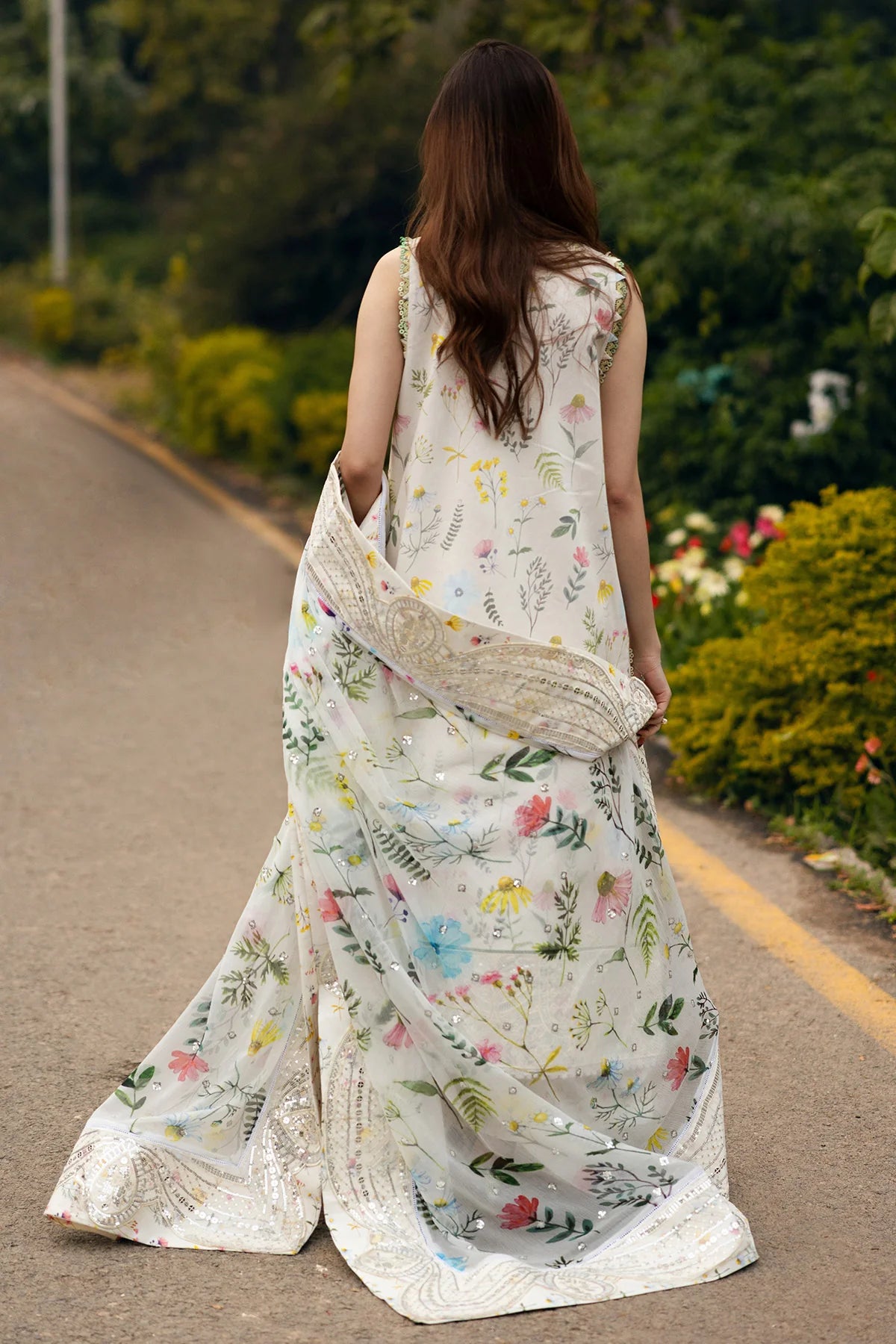 Raeesa | Garden of Eve Luxury Lawn 25 | Evynne_A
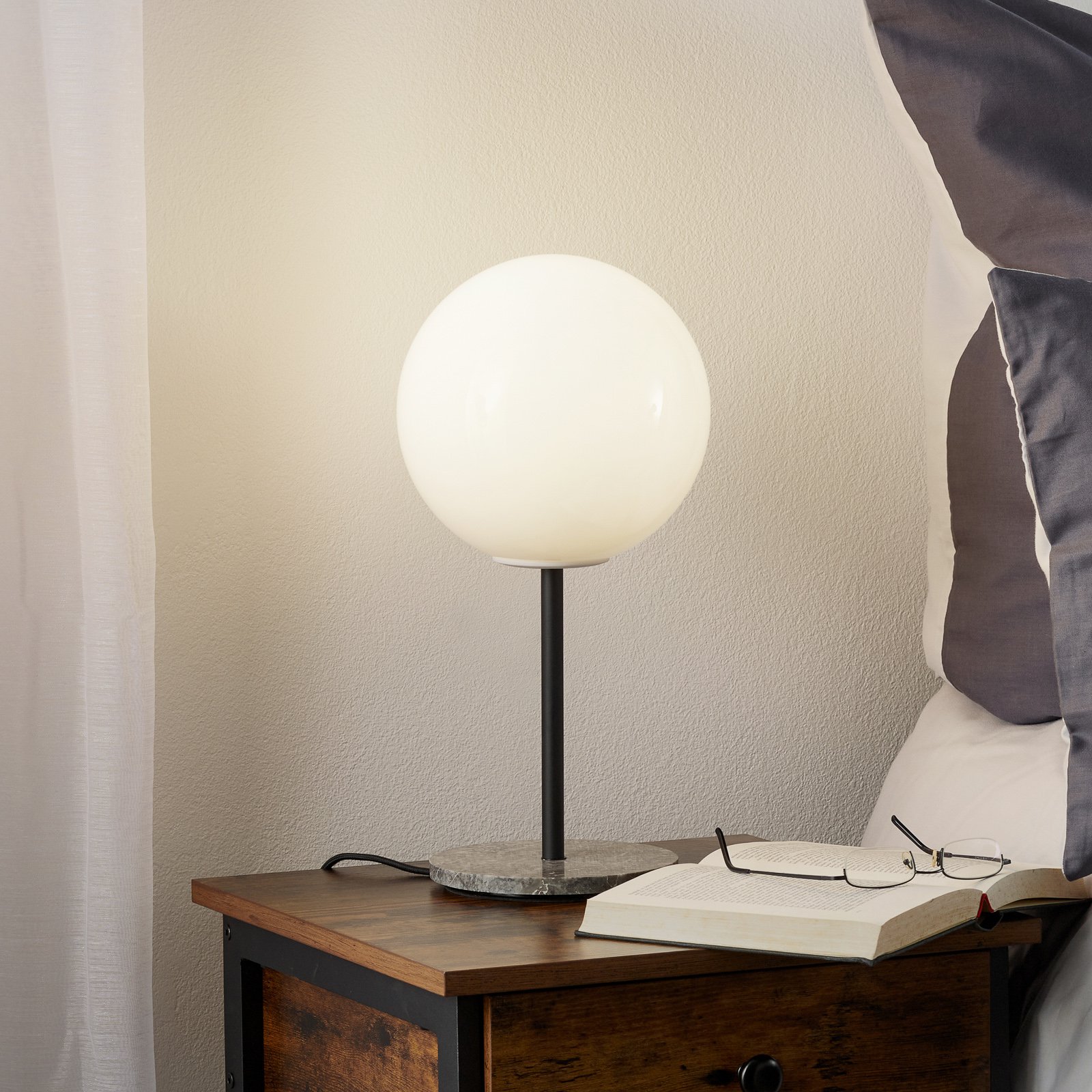 Menu TR Bulb bordlampe 41 cm marmor/opal blank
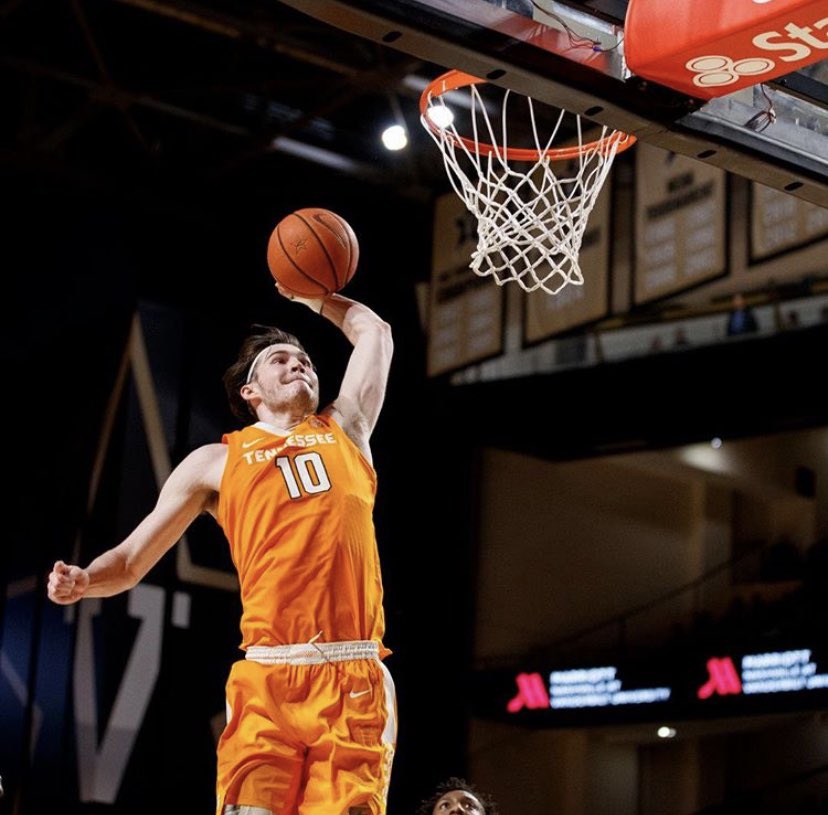 BarstoolTenn's tweet photo. Save us🙏🏼🙏🏼🙏🏼 https://t.co/PsLEWTCjbI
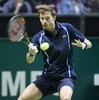 男子テニス、ABNアムロ世界テニストーナメント、シングルス準決勝。リターンを狙うニコラ・マウー（2016年2月13日撮影）。(c)AFP/ANP/Koen Suyk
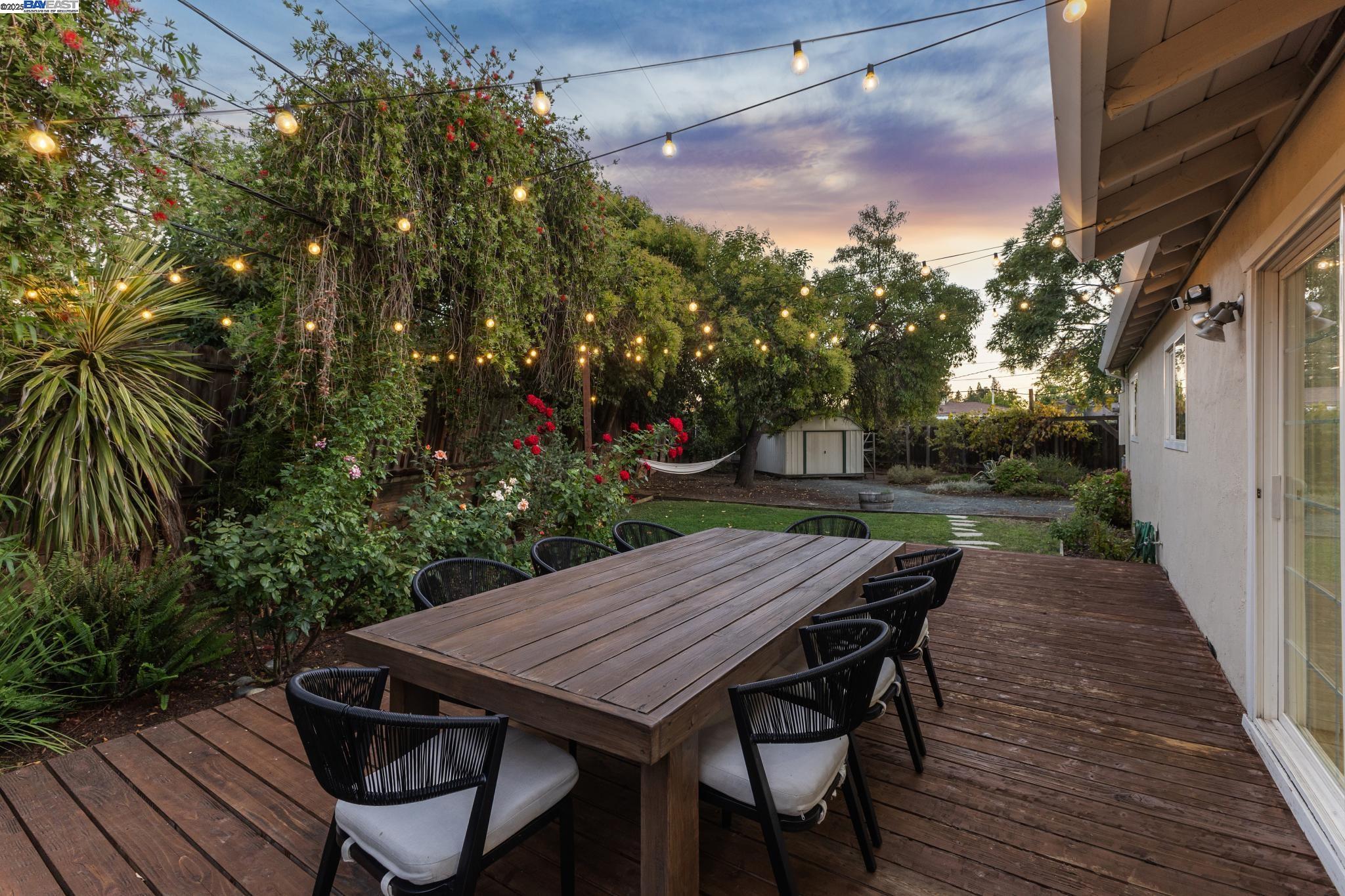 Detail Gallery Image 33 of 58 For 4302 Carter Ct, Concord,  CA 94521 - 3 Beds | 2 Baths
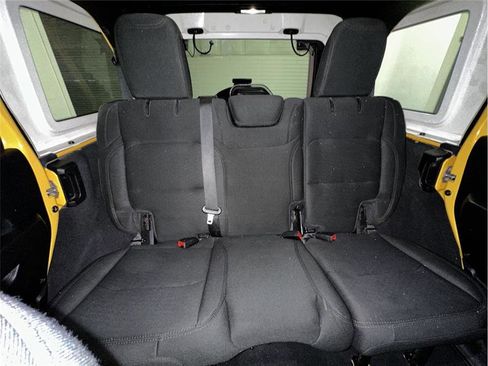 Used 2021 Jeep Wrangler Unlimited Willys image 31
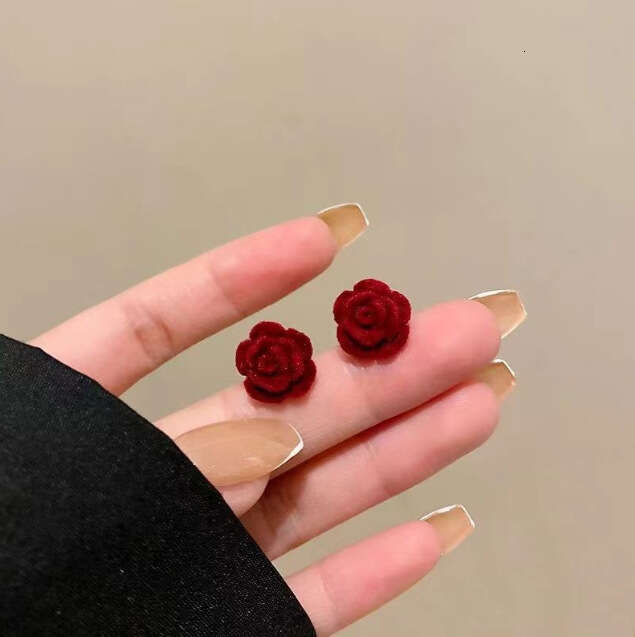 Sier High-End Flocked Flower Elegant Light Fashion Studs Versatile Niche Earrings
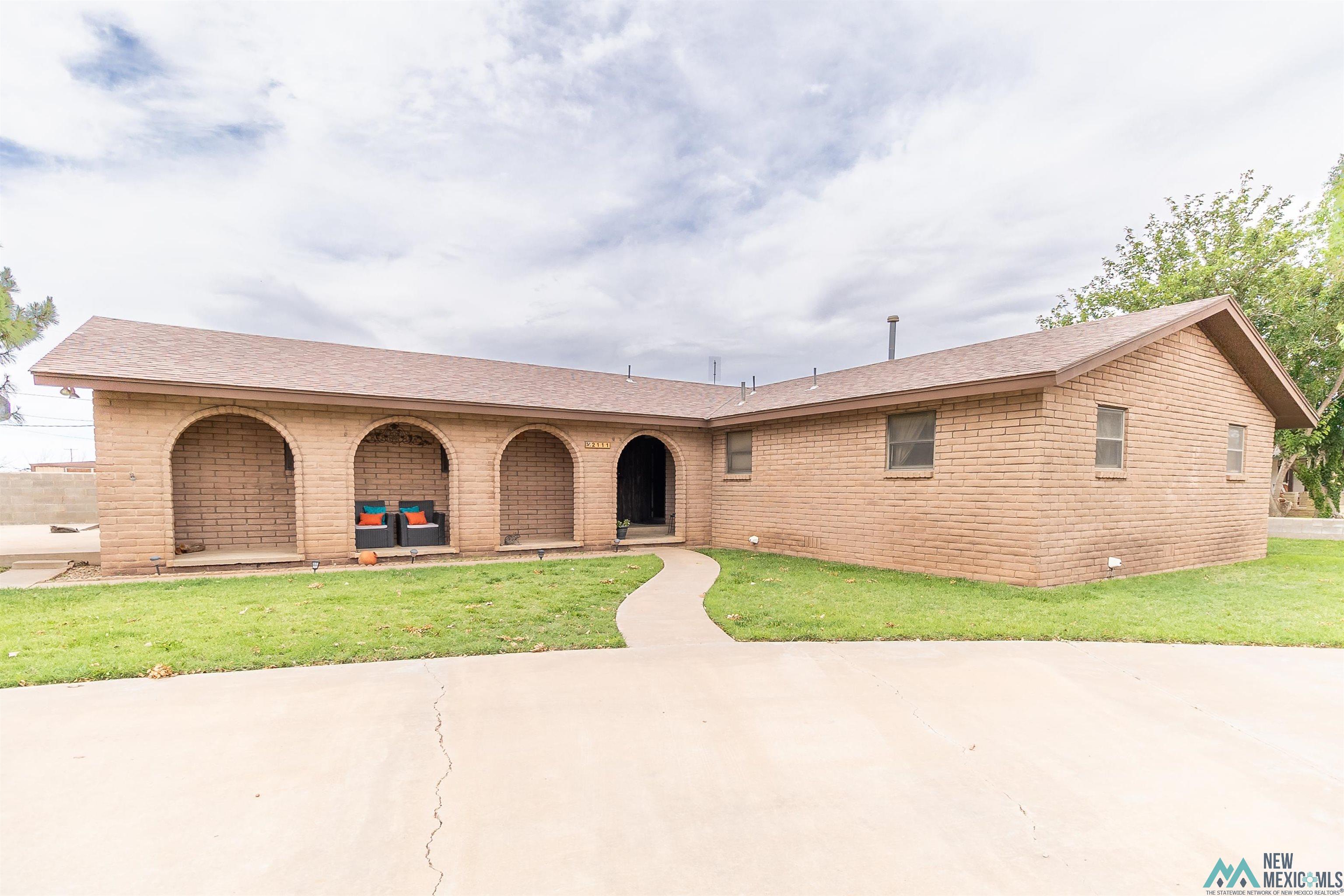 2111 E 1st Street, Portales, New Mexico image 1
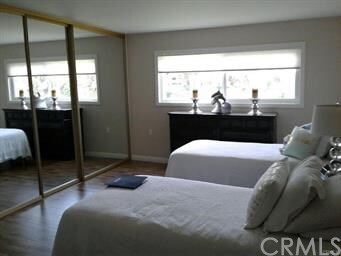 Building Photo - 5511 Paseo Del Lago W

▶ [What to do]: Look above for the line containing "Menu TR Bulb", then copy exactly from it through the line containing "2111 E 1st Street, Portales, New", keeping both and leaving out pictures. Add nothing else.

▶ [Exercise answer]:
 Menu TR Bulb bordlampe 41 cm marmor/opal blank
 BarstoolTenn's tweet photo. Save us🙏🏼🙏🏼🙏🏼 https://t.co/PsLEWTCjbI
 男子テニス、ABNアムロ世界テニストーナメント、シングルス準決勝。リターンを狙うニコラ・マウー（2016年2月13日撮影）。(c)AFP/ANP/Koen Suyk
 Detail Gallery Image 33 of 58 For 4302 Carter Ct, Concord,  CA 94521 - 3 Beds | 2 Baths
 Used 2021 Jeep Wrangler Unlimited Willys image 31
 Sier High-End Flocked Flower Elegant Light Fashion Studs Versatile Niche Earrings
 2111 E 1st Street, Portales, New Mexico image 1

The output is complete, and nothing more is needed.